Sentences on Musical Concept-Art (2013)

1. A concept piece is entirely determined by one trenchant idea.

2. The idea is a machine that produces the work of art. The process should have required no intervention, it should take its own course. (LeWitt 1967)

3. The concept-machine today is above all the algorithm.

4. The processing-material of the machine today is the total archive.

5. Details, rhetorical means, and formal design are usually only suitable in the form of readymades or by means of chance generators.

6. For each work of art that is performed physically, there are many unperformed variants. (LeWitt 1967)

7. The sensual appearance is only one aspect of the work, to which more or less value can be granted.

8. Each piece of New Music has conceptual aspects. (Spahlinger 2009)

9. Not all ideas have to be implemented. (LeWitt 1967)

10. On the other hand, one can also compose a detailed form out of many different concept-variants or -pieces. Enrichment with jokes is also OK.

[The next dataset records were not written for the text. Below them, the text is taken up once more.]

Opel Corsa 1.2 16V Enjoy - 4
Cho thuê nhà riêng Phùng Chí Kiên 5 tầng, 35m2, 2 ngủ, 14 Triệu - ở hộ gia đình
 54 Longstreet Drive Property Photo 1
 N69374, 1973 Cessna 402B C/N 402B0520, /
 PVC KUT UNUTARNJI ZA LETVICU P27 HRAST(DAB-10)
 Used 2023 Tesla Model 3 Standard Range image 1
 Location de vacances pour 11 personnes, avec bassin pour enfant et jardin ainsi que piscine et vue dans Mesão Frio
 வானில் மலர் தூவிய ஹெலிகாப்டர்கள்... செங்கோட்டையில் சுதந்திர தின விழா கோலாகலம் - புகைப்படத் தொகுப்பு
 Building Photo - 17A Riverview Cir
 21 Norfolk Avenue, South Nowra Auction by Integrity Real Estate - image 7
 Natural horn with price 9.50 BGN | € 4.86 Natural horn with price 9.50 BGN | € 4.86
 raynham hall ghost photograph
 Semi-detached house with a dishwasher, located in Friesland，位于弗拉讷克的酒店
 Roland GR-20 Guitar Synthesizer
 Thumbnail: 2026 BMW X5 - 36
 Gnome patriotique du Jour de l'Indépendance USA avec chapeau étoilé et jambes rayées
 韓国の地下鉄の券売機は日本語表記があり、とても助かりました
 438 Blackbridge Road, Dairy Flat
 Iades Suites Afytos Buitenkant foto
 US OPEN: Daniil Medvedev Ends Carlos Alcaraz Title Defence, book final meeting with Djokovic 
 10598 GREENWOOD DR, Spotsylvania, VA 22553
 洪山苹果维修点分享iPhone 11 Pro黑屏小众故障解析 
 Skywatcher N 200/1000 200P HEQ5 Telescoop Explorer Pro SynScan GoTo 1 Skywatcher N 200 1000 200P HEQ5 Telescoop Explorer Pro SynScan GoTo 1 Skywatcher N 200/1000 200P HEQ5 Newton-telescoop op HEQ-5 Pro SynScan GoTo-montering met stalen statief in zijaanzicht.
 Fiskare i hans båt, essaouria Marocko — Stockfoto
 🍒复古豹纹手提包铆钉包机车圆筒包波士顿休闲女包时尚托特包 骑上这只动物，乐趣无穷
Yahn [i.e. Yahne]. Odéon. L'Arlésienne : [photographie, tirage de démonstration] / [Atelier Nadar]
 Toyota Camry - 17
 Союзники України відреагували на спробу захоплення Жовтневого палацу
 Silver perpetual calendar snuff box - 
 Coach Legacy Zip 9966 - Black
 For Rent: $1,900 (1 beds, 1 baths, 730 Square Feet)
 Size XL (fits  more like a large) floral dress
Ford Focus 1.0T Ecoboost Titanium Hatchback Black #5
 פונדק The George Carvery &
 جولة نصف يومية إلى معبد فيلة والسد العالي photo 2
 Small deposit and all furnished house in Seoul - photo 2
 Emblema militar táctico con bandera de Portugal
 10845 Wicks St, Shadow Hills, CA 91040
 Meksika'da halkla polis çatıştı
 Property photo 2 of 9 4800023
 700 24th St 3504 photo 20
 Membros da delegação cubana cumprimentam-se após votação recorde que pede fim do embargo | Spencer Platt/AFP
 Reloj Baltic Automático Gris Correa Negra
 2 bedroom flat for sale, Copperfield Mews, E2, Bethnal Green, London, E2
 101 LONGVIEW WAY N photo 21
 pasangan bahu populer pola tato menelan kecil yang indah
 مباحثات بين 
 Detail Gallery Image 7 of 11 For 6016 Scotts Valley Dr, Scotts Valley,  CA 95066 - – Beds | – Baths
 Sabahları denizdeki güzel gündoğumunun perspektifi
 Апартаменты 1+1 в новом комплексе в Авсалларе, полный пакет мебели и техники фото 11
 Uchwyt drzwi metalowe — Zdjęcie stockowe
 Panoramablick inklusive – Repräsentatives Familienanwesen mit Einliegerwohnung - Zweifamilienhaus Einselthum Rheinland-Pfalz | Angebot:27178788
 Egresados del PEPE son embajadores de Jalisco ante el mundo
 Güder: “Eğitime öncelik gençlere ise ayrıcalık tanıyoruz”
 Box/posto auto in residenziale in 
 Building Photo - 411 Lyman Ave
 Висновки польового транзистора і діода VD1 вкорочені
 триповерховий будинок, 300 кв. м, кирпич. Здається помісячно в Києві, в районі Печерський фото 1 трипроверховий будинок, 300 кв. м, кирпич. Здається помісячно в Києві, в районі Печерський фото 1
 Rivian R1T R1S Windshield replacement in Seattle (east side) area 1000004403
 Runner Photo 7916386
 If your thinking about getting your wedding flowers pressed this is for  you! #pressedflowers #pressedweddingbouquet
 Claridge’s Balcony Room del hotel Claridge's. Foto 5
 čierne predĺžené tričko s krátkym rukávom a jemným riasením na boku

11. A banal idea cannot be rescued by a beautiful and expressive design. However, it is difficult to bungle a good idea. (LeWitt 1967)

12. A good idea can be bungled through a beautiful and expressive design.

13. Ideas are the most expressive and most beautiful of all.

14. Improvisation is rarely musical concept-art, least of all when the improvisation is good.

15. Musical conceptualism can be considered as a minimalism.

16. An idea is the "smallest possible whole". (Musil 1916)

17. Music does not have to be self-explanatory. The composer does not need to shy away from intermedial ingredients (text, video, performance), indeed it makes perfect sense to articulate them (no hiding important information in the program notes).

18. Dare to make public/publish the even slightest idea if you believe there’s something in it. But give it a proportionate effort (no more than a small text for a small idea).

19. A piece of conceptual music does not have to be completely heard.

20. Music is only New Music when it raises the question: is this actually music? (Spahlinger 1992)

21. The more unmusical, the better.

22. Out of conceptualization emerges contextualization. (Weibel 1993)

23. No concept without conceptualism.